Tests based on the neutralization of IAV pseudoviruses have been applied as an alternative to the MN and HI tests and have been evaluated extensively over the past few years; this has been done using serum predominantly obtained from patients (33, 34, 54, 55) but also from birds (38, 56). In our study, all six pp-NT((H5)s based on HPAI HA subtypes clearly detected the LPAI H5N2-positive rabbit serum with geometric mean titers ranging from 150 to 5890 (Fig. 1A). The Anhui, Indonesia, and Mongolia pseudoviruses had comparable titers of 350, 150, and 440, respectively, whereas the pp-NT(H5)s based on the Hong Kong, Turkey, and Vietnam pseudoviruses resulted in slightly higher geometric mean titers of 5890, 720 and 1470 (Fig. 1A). Heterologous serum was able to neutralize the Anhui and Turkey pseudoviruses at low titers (50 and 70, respectively) (Fig. 1A). Cross-neutralization was also observed in the pp-NT(H5) based on the Hong Kong pseudovirus (titer 460; Fig. 1A). All the negative control sera were negative in all ppNT(H5) and ppNT(H7) assays with the exception of Hong Kong, where control serum reacted at dilutions ranging from 1:60 to 1:480 when inhibition of 80% was set as the cutoff (data not shown). In light of the unspecific reaction in the Hong Kong pp-NT(H5), it was of interest to determine whether this feature would also be observed in serum from other species. To address that issue, we evaluated the Hong Kong pp-NT(H5) by using 23 IAV H5-negative serum samples collected from five mallards that had previously been confirmed to be H5 seronegative by ELISA and HI assessment (24). None of the serum samples were found to react in the assay at a serum dilution of 1:40 and an inhibitory concentration of 50% (data not shown), which indicates that the unspecific reactions in the assay were due to the species origin of the serum sample rather than to the assay itself.

It was recently shown that sera from chickens vaccinated with LPAI H7N1 effectively neutralized H7 pseudoviruses (38). Moreover, our pp-NT(H7) detected homologous serum at a titer of 1,000, and no cross-neutralization was observed when this test was used to analyze heterologous serum (Fig. 1B).

Our final experiments were conducted to evaluate the performances of the various pp-NTs by using a panel of avian sera (Table 1). The IAV subtype serospecificity of these serum samples had previously been confirmed by HI assay (46), and the HI titers are presented in Table 1. The pp-NT(H5)s based on Anhui, Hong Kong, Mongolia, Turkey, and Vietnam performed as well as the HI assays, recognizing all positive and negative serum samples. In some cases, these pp-NT(H5)s actually performed even better in that they detected serum at higher dilutions compared to the HI tests (Table 1). However, pp-NT(H5) based on Indonesia failed to classify one serum sample as positive; this sample had a HI titer of 64 and was collected from a turkey naturally infected with H5N2. No false positives were observed in the Hong Kong pp-NT, again pinpointing a problem with specificity when using serum from rabbits.

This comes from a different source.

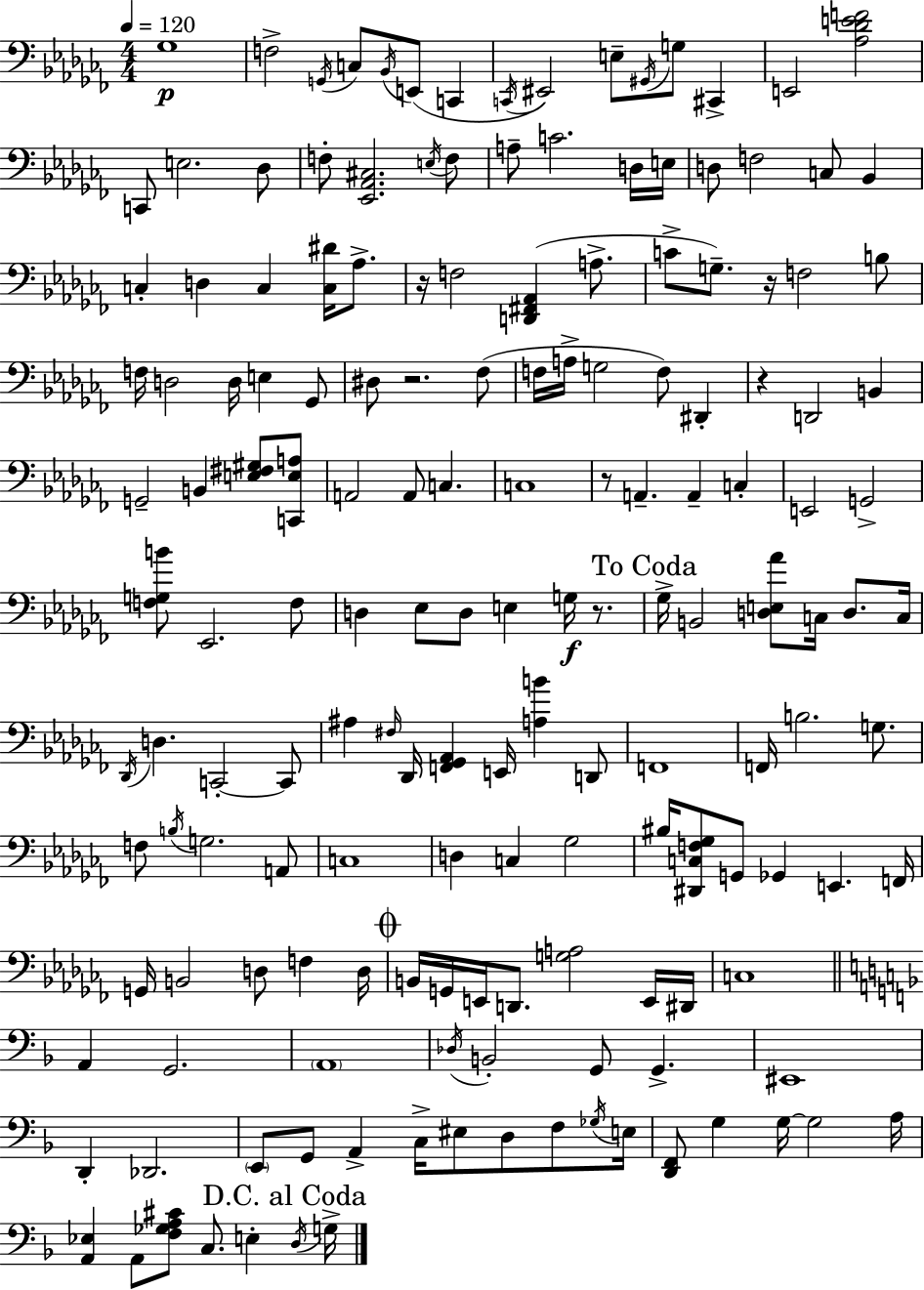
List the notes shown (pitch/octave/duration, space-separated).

The pp-NT(H7) failed to recognize two serum samples, both of which were collected in the field from H7N3-infected turkeys (Table 1). These two samples tested positive with a HI titer of 16, which is close to the detection limit of the HI assay. Molesti et al. (38) noted the exact same phenomenon in several HI-positive birds that had been naturally infected with H7N3. A possible explanation for these findings is that the antibodies that were present in the investigated fowl could only inhibit hemagglutination, that is, they could not neutralize pseudotyped virus. Furthermore, it should be noted that the H7N1 and H7N7 seropositive samples obtained from experimentally infected ducks and chicken also had low pp-NT(H7) titers (100, 130, and 40) compared to the corresponding HI titers (2048, 1024, and 256), indicating that titers determined by the pp-NT(H7) are not consistently higher than HI titers.

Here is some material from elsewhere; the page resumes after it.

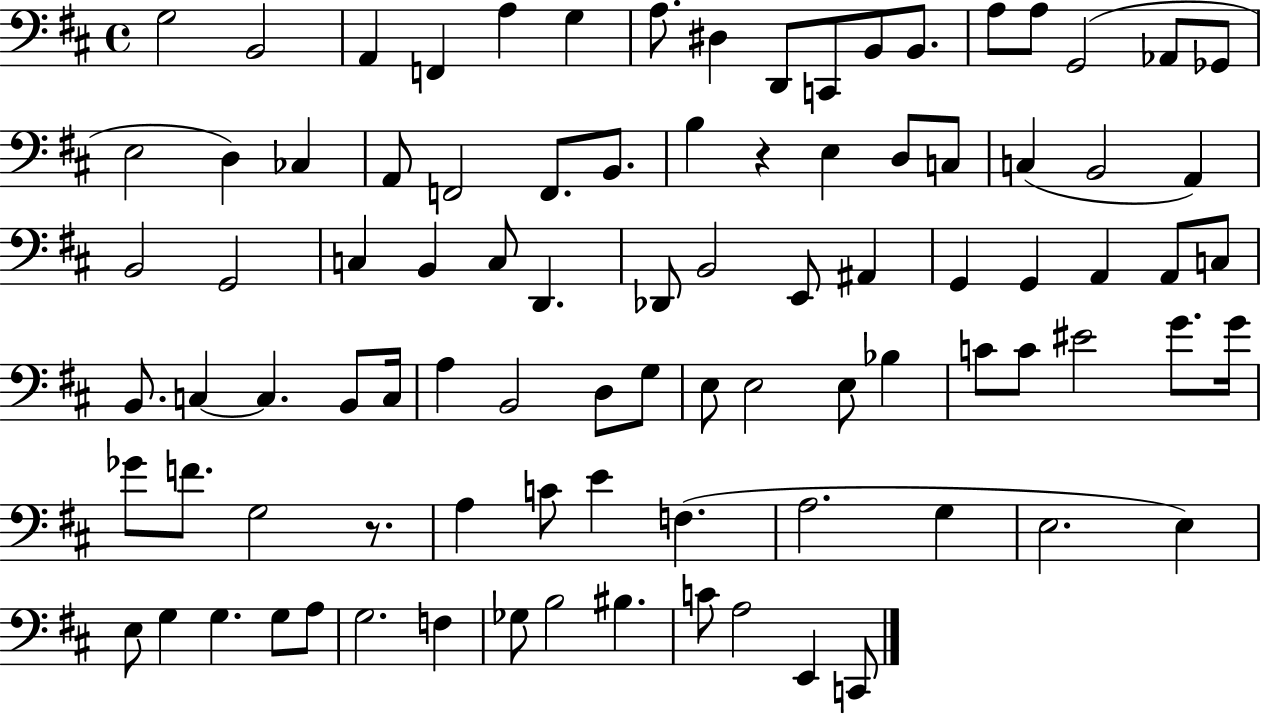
G3/h B2/h A2/q F2/q A3/q G3/q A3/e. D#3/q D2/e C2/e B2/e B2/e. A3/e A3/e G2/h Ab2/e Gb2/e E3/h D3/q CES3/q A2/e F2/h F2/e. B2/e. B3/q R/q E3/q D3/e C3/e C3/q B2/h A2/q B2/h G2/h C3/q B2/q C3/e D2/q. Db2/e B2/h E2/e A#2/q G2/q G2/q A2/q A2/e C3/e B2/e. C3/q C3/q. B2/e C3/s A3/q B2/h D3/e G3/e E3/e E3/h E3/e Bb3/q C4/e C4/e EIS4/h G4/e. G4/s Gb4/e F4/e. G3/h R/e. A3/q C4/e E4/q F3/q. A3/h. G3/q E3/h. E3/q E3/e G3/q G3/q. G3/e A3/e G3/h. F3/q Gb3/e B3/h BIS3/q. C4/e A3/h E2/q C2/e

Today, serological methods such as ELISA and the HI assay are utilized in combination with the detection of nucleic acid to maintain and confirm our knowledge of currently circulating IAV strains. Although the MN-CPE seems to be the most specific and consistent method evaluated here, the present results substantiate the promise of pp-NTs as a sensitive serological tool for global surveillance of wild birds.